__Description of the task__: Print the lines below word for word, beginning with the first and ending with the line that holds "Three colleagues sit", and skip every picture.

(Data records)
....
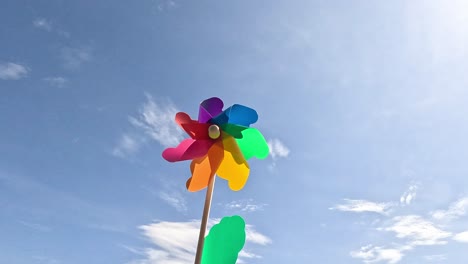 multicolored pinwheel rotates against a blue sky.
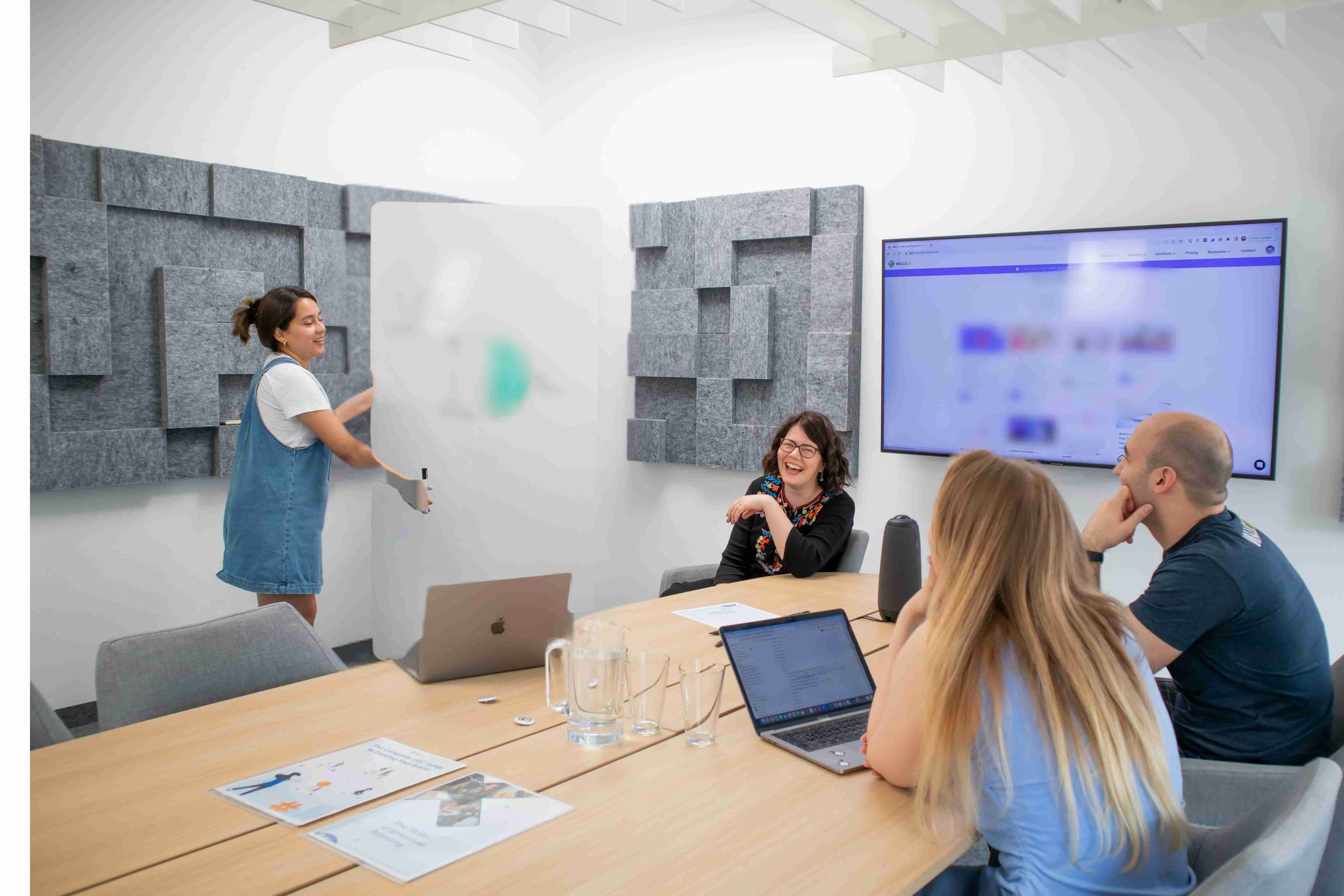 Three colleagues sit together in a conference room smiling as they partake in a course. There is a blurred screen behind them on the wall.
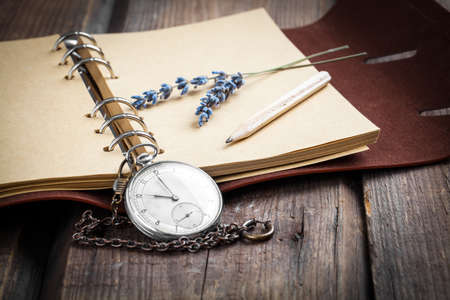 Vintage grunge still life with pocket watch, lavender flower and old book.の写真素材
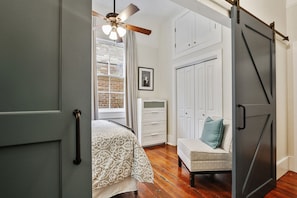 Sliding barn doors open to double bedroom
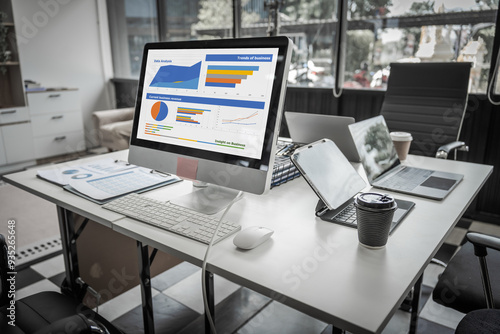 Wallpaper Mural A modern office desk with a laptop, monitor, and plant. sleek, minimal design features open space, technology and productivity. room is empty, offering a clean and organized workspace. Torontodigital.ca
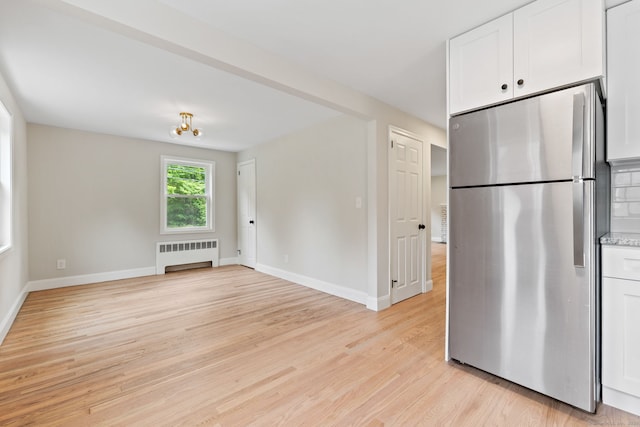 1357 Slater Rd, New Britain, CT 06053 - kitchen with freestanding refrigerator, radiator, light wood-style flooring, white cabinetry, and baseboards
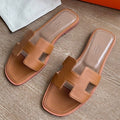 HERM Oran Slide Sandals In Gold Epsom Calfskin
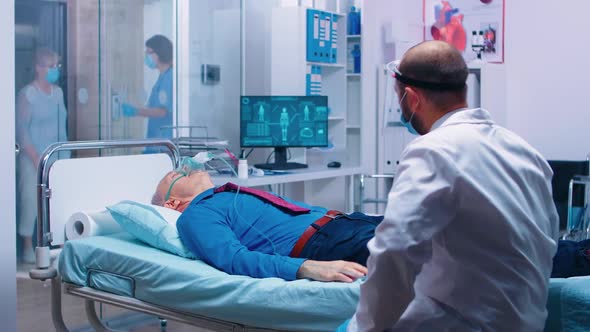 Doctor Talking with Patient with Oxygen Mask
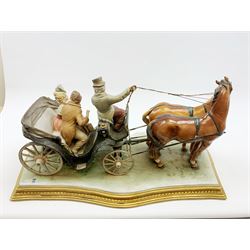 A large Capodimonte figure group, modelled as figurines in a horse drawn open carriage, signed Merli, L62cm, with accompanying certificate. 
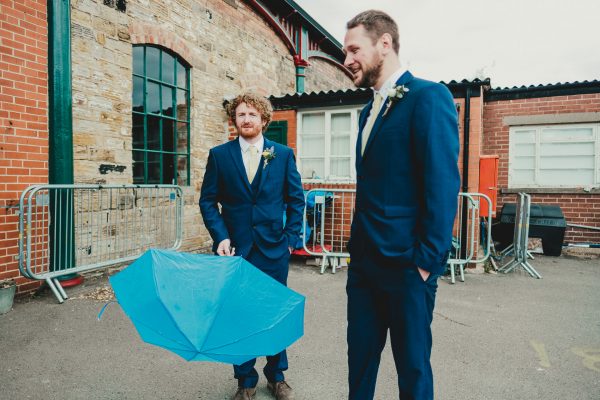 groomsmen hold an umbrella, elsecar heritage centre wedding photographer, elsecar heritage centre wedding photography, elsecar heritage centre wedding, ayesha photographer, manchester wedding photographer, manchester wedding photography, sheffield wedding photographer, sheffield wedding photography, barnsley wedding photographer, innercity weddings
....
__Task response__:
 multicolored pinwheel rotates against a blue sky.
 Three colleagues sit together in a conference room smiling as they partake in a course. There is a blurred screen behind them on the wall.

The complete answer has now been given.